Sorrentino tenta un continuum da La grande bellezza, dilatando la sua cifra stilistica oltremodo. E cede alla tentazione auto-citazionista, risultando al contempo ridondante e grottesco
Youth ha un titolo ossimorico rispetto alla storia: una storia di vecchi e di vecchiaia. Fred e Mick sono due amici storici, hanno ormai 80 anni e sono in vacanza sulle Alpi. Uno è un famoso compositore ormai in pensione e l’altro un regista che sta lavorando al suo ultimo film. Sorrentino tenta un continuum da La grande bellezza, dilatando la sua cifra stilistica oltremodo. Sorrentino ci regala, anche qui, campi lunghissimi in cui la fotografia si fa protagonista, visuali d’insieme perfette nel loro equilibrio - Fred si diverte a dirigere le vacche al pascolo - anche qui va a cercare, nei dettagli, la vistosità del corpo, dei corpi, nel loro vissuto di carne, nella loro plasticità o bruttezza; Sorrentino cede alla tentazione auto-citazionista, risultando al contempo ridondante e grottesco.
Alcune immagini, dai tralicci dell’elettricità, su cui Mick e il suo team si arrampicano mentre pensano ad un finale del film – nel film – richiamano, infatti, le belle inquadrature de Le conseguenze dell’amore, in cui l’amico elettricista sta arrampicato in alto, e sospeso nello spazio onirico dell’interiorità dell’altro. Youth, cerca di indagare quale misterioso legame ci sia tra la gioventù e ciò che ne resta ad un certo punto della vita e la risposta, forse, è per ognuno diversa.
La giovinezza c’è: quella della massaggiatrice, quella di Miss Mondo, quella della baby-prostituta. Una giovinezza “di altri” che si osserva, con desiderio, imbarazzo, invidia. La figlia di Fred, lasciata dal marito per un’altra donna, fa visita al padre. Sarà l’occasione per indagare nella relazione padre-figlia, per dirsi ciò che non è mai stato detto, ma anche questa relazione rimane, appena accennata, sbiadita e persa nella storia. Sorrentino sembra troppo impegnato a rendere “bello” il film, a farsi riconoscere – non ce n’era bisogno perché era fin troppo facile – più che a gestire i fili narrativi delle storie e ad approfondirli come meriterebbero.

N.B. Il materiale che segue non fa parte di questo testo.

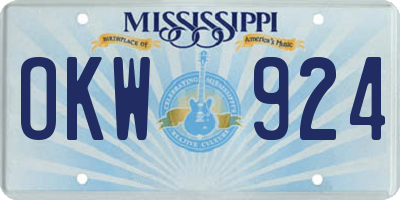 MS license plate OKW924
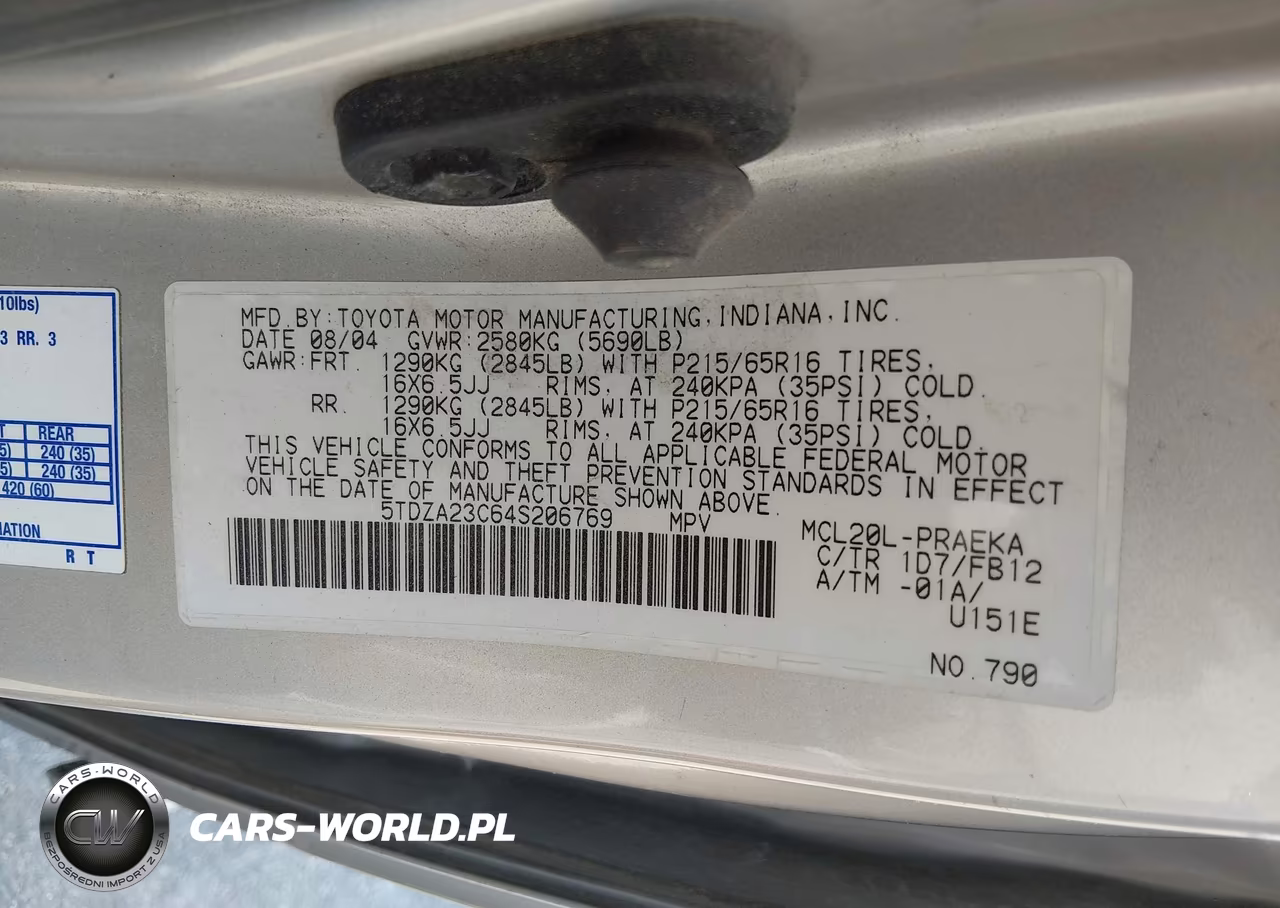 2004 Toyota Sienna Le VIN:5TDZA23C64S206769 - 9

Michael Caine, adatto nella parte del vecchio più di quanto lo sia Harvey Keitel – un vecchio troppo giovane – rimane un po’ troppo impassibile nella sua parte, poco emotivo, un po’ sfocato. Cosa resta alla fine, quando tutta la giovane esuberanza, l’egocentrismo narcisistico a cui tutti gli amori sono stati sacrificati, è svanito nella vecchiaia? Forse delusione, forse fallimento, forse pentimento? Non ci è dato modo di scoprirlo davvero, Sorrentino lascia sospese questi interrogativi – forse volutamente? – complice anche la sceneggiatura ingombrante, che si sciupa cercando di farsi visionaria e un tantino troppo filosofeggiante. L’apparizione di Jane Fonda risulta fuori luogo e forse anche un po’ grottesca – ci ricordiamo della Fonda giovane e bella e qui ne individuiamo una caricatura, quando la donna vecchia finge di essere giovane l’unico che calza a pennello la parte è Paul Dano, che qui serve a palleggiare le riflessioni filosofiche sulla vita e la morte assumendosi il ruolo di spettatore interno. Vale la pena sottolineare che i momenti più intensi del film sono quelli in cui la coralità dei corpi nudi o seminudi disegnano acrobazie visive con il loro disporsi in file perfette, in semicerchi, con il loro rendersi figurine di uno spazio di umanità. Stonano invece le visionarietà troppo ammiccanti, come le donne-ruolo del sogno ad occhi aperti, l’indiano che alla fine lievita davvero o un Maradona patetico: come dice Fofi “le fellinate pesano come macigni”.